Tokyo | As fireworks exploded over China this week and millions of families gathered to celebrate the Lunar New Year, China’s top technology firms launched their own kind of spectacle: a blitz of new AI tools designed to go viral over the country’s biggest holiday period.
Since Monday, social media feeds have been filled with stunningly realistic video clips of Brad Pitt trading punches with Tom Cruise in neon-lit alleyways and cute Japanese otaku girls outplaying LeBron James on a basketball court.
The videos, created using a powerful artificial intelligence video generation tool owned by ByteDance, sparked condemnation from some of Hollywood’s top companies.
During China’s most-watched TV show on Monday, start-ups demonstrated their latest humanoid robots that performed sophisticated kung fu on stage, showing how quickly AI models have moved from lab demos to living room entertainment.
The co-ordinated releases – from Alibaba’s latest Qwen large language model to upgrades to freshly listed MiniMax’s companion AI products – also illustrate how China’s tech giants are repositioning AI technology as mass-market consumer products rather than niche enterprise tools.
“A bunch of people have started using these straight away, everyone on WeChat is using their avatars to generate their own videos,” said Race Li, founder of Hangzhou-based music AI start-up Magipop.
“I have friends in the movie industry who are very upset about it, which they should be. But AI is embraced in China, even by mainstream directors and creative people.”
Deliberate timing
The timing is deliberate. Lunar New Year, when millions of Chinese stop work and travel back to their family homes, is traditionally a peak season for shopping, gaming, and online traffic, offering companies a rare window to capture attention at scale.

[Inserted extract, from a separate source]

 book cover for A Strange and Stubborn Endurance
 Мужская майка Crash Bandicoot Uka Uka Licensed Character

But it also reflects a broader policy push from Beijing, which is betting that an “AI-plus” strategy can play a role in reviving China’s stuttering economy, including by encouraging consumers who are reluctant to spend when the property sector is struggling and wages are low.

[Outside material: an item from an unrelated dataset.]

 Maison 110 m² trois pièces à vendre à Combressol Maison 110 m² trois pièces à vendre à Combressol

President Xi Jinping has described artificial intelligence as a top economic priority for this year, urging companies to embed the technology across industries to drive new growth.

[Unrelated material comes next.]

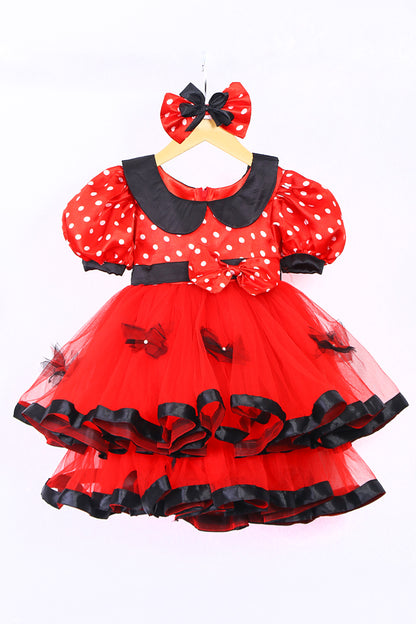 Minnie Mouse Double Flared Dress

“The progress of Chinese AI over the past 12 to 18 months has been nothing short of astounding,” said Jiong Shao, lead China tech analyst for Barclays. “Open-source collaboration among the leading labs has allowed China to close the gap with Western models despite significant deficiencies in AI compute.”
Just days before the holiday, TikTok owner ByteDance released Seedance 2.0 and sparked viral attention for how far China’s video-generation technology has advanced in just one year. The multimodal model can take text, images and audio as inputs and generate multi-shot, higher-resolution clips with synchronised sound in under a minute.
Early clips circulating on Weibo and Little Red Book show convincingly choreographed fight sequences and cinematic lighting that would previously have required professional crews and post-production teams, raising fears about copyright and job losses.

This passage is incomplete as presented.